Edith Evans got the “Dame” added to her name for her extensive work in the legitimate theater, but she did some movies and was swell in all the ones I have seen. She was good enough for an Oscar nomination for this one, made when she was 79. She would continue working for 15 more films, until her death in 1976.
Here she is an elderly woman living alone in a squalid two-room flat in a town that, if it isn’t the actual asshole of England, is only a few puckers away. She spends her time at the library, the soup kitchen, visiting the Welfare offices, and sitting at home. She hears voices in the dripping pipes, and has fantasies that she is coming into a grand inheritance. Her piece-of-shit son visits and conceals a lot of money in the room. Finding it, she imagines it’s her inheritance and takes some of it down to the Welfare to pay back some of what she was given.
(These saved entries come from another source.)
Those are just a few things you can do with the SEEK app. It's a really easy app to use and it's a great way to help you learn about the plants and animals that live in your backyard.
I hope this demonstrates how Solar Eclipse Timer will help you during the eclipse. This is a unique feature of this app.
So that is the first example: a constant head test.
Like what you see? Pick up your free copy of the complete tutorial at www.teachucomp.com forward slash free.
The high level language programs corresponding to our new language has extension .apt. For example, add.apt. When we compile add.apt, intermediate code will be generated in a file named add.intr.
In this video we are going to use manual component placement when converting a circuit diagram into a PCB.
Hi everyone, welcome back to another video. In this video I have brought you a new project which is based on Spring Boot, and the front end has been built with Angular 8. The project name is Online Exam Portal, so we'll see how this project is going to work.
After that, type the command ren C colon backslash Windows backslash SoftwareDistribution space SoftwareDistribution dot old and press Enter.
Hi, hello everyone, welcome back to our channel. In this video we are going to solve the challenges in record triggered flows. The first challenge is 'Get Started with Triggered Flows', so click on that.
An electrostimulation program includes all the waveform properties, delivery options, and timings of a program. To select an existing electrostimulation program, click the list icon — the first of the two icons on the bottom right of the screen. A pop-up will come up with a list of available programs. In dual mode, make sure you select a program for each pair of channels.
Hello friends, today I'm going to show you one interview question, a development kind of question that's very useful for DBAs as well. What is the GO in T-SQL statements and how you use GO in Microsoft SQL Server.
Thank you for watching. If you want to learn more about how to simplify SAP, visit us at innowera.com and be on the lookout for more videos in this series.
Unwisely, she shows the money to a monster sitting next to her, in the form of a chubby little bitch who is suddenly her best friend. She is wheedled into a bus trip and a few drinks, passes out, and the monster and her monster kids and monster husband take it all and trundle her out into the cold and dump her.
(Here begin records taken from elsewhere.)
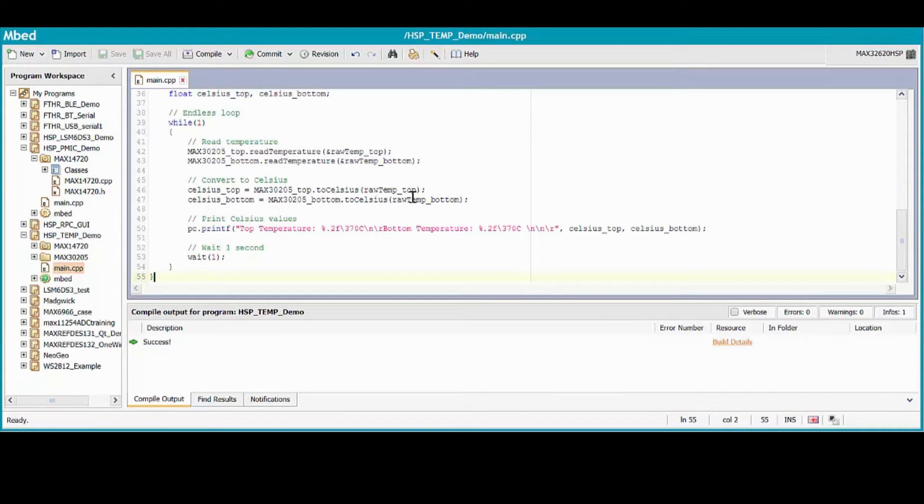Let's upload this code and take a look at the results.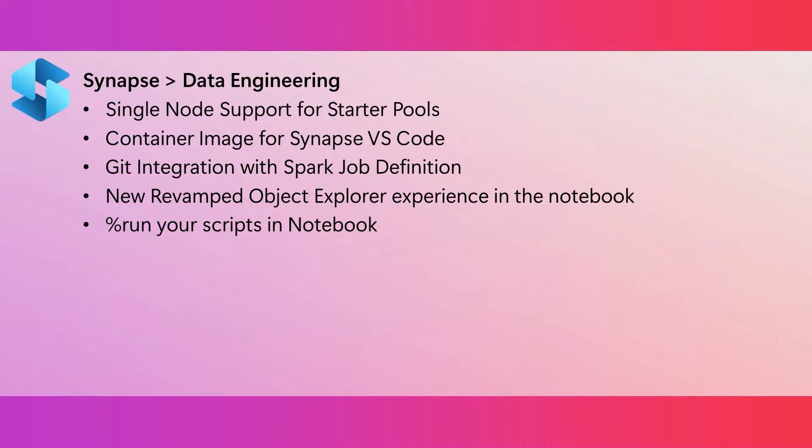If you're developing in Spark, and you use those starter pools that have a single node configuration, you probably want those Spark sessions to start faster. So we've got something you're going to like. You can now set your starter pool to max one node. This gives you a super fast session start time.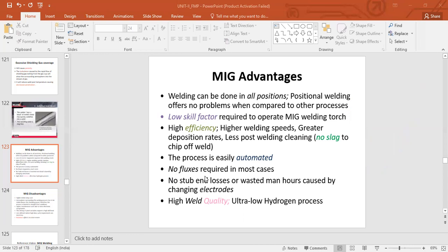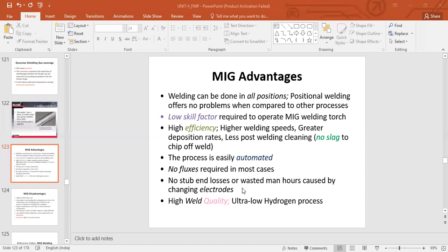No fluxes are required in most cases because the flux is replaced with the shielding gas, which serves a similar purpose. Most time losses caused by changing the electrode are eliminated because the electrode is continuously fed from the wire spool and will last much longer than arc welding electrodes. Non-productive time is now eliminated.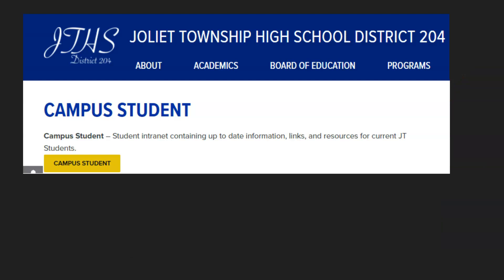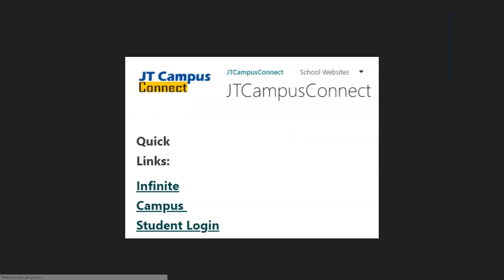On the next page, at the top, click on the yellow Campus Student button. Then, from the JTCampus Connect page, click on the Infinite Campus Student Login.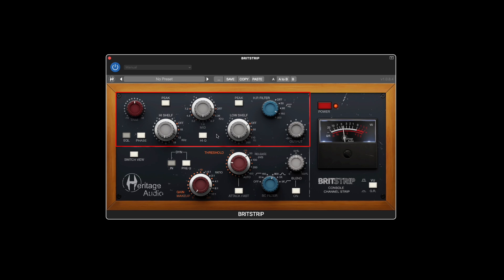Each band has a concentric control, with the inner knob used to control the boost cut and the outer ring for the frequency selection.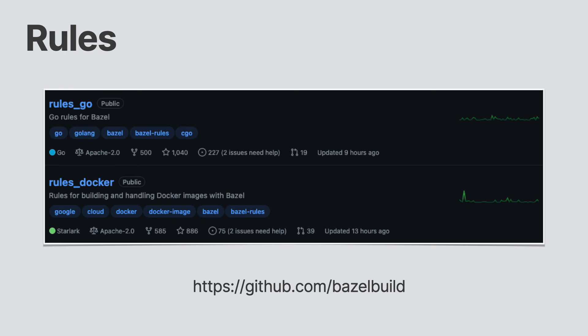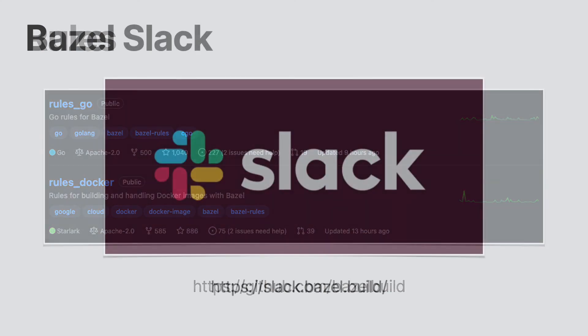After all, someone down the road may run into your issue, so having a record of the resolution helps everyone. And don't forget, these maintainers are volunteers, so be polite, and if they do help you, always make sure to thank them.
She is weeks recovering from pneumonia, and isn’t all there when she gets well. Her husband, who had abandoned her, is called in to take care of her. She gradually regains her senses, and he quickly reverts to form, getting in so badly with gangsters that he’s forced to flee.
So she is back where she started, with only the whispering voices for company … and it’s clear that, bad off as she is, she’s doing better than when it all changed. Heavy stuff, and I can applaud much about the way it was made except the glacial pace. I snoozed here and there … not really, but I was in danger of nodding off. It’s sure not one I’d want to see again.